The world's largest producer wins the lithium hydroxide market, which currently has higher prices and demand than lithium carbonate, which produces in Chile.
The largest producer of lithium in the world plans to expand production in Australia to reach the market of a specific form of this metal, increasingly used by producers of batteries for electric cars.
Albemarle will stop plans to expand lithium carbonate production in Chile, the company said on Thursday. Instead, it will use funds for a project in Western Australia, which produces lithium hydroxide, a rarer form of metal that is becoming increasingly popular and is now sold at prices higher than carbonate.
Global demand for lithium is expected to triple by 2025, according to Bloomberg NEF, as car manufacturers such as Tesla are seeking to increase sales of battery-powered vehicles. Meanwhile, the lithium miners are struggling to meet demand, and metal prices have tripled in just four years.
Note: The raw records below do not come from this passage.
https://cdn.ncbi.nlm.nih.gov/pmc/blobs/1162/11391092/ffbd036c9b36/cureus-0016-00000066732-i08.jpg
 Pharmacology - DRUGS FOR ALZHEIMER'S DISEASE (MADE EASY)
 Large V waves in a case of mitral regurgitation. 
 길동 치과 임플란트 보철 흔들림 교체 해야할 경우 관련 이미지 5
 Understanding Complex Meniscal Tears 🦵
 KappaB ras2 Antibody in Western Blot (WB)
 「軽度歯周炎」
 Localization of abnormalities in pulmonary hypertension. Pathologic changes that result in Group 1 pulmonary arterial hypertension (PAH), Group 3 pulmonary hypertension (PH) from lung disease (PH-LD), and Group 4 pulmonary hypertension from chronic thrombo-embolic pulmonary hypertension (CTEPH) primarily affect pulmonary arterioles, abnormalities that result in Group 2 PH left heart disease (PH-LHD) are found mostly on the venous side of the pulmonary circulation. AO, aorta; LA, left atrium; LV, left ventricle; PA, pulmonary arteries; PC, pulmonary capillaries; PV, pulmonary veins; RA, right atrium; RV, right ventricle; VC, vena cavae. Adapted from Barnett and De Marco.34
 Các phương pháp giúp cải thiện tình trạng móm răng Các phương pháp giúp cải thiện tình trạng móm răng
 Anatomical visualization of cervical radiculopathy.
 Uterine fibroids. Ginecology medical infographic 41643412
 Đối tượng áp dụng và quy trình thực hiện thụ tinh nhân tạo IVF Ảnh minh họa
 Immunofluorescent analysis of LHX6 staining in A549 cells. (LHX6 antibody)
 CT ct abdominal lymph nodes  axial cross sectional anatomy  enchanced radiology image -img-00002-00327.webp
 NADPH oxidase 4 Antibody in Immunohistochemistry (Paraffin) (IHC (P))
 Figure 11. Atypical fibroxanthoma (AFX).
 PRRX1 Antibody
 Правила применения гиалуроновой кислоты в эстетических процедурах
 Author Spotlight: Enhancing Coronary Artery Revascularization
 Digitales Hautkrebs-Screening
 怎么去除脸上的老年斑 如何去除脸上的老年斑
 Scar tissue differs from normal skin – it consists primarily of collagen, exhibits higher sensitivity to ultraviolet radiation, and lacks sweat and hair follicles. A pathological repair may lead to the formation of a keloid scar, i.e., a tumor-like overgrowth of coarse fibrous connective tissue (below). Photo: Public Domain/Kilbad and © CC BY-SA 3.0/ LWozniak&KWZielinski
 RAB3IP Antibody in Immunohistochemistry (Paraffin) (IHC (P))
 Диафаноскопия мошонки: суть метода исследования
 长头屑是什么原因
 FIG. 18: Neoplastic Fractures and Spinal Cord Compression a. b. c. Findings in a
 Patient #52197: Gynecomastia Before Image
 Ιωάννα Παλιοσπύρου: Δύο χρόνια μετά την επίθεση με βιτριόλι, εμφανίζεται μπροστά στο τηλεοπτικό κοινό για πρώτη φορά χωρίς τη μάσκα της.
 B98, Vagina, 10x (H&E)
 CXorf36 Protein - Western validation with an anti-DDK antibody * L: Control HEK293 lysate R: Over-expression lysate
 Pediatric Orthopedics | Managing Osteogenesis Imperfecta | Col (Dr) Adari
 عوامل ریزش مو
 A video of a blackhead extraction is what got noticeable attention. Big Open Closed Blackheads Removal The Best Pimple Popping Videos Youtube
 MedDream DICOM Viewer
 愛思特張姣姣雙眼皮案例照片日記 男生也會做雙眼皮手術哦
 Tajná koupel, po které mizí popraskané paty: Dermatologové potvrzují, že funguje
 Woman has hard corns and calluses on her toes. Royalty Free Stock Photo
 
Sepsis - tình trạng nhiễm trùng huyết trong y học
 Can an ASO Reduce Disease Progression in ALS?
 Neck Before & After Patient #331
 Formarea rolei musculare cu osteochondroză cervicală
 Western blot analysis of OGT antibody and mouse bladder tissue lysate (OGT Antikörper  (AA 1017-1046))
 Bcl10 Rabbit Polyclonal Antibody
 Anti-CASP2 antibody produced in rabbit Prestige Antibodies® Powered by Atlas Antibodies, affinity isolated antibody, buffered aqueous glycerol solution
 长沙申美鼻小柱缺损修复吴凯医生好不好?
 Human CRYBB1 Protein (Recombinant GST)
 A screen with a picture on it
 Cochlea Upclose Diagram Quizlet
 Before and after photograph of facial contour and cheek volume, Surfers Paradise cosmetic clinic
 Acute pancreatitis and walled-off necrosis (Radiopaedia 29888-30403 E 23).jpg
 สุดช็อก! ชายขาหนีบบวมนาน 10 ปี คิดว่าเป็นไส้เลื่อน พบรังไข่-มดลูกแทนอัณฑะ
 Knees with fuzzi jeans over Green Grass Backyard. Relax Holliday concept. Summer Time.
"The challenge at this point in the cycle is that lithium companies need to increase capital spending in the face of uncertainty about the price of lithium," said Chris Berry, an analyst from New York and founder of the House research company. Mountain partners. "In order for Albemarle to be able to maintain its market share due to such a large increase in demand for lithium, the company must perfectly implement its plans to expand capacity."
Albemarle plans to increase total lithium production in its operations in Chile, China and Australia to 225,000 tons per year in 2025 from 65,000 tons in 2017, the company said in a profit report. In just four years, lithium ceased to be the least important product of Albemarle and accounted for 44.5% of the company's revenues in 2017.
On Thursday, Charlotte, based in North Carolina, published mixed results for the third quarter, which led to a 1.8% drop in share in New York at 1.45. Capital expenditures increased, reaching record levels, but Albemarle did not carry out its sales forecasts.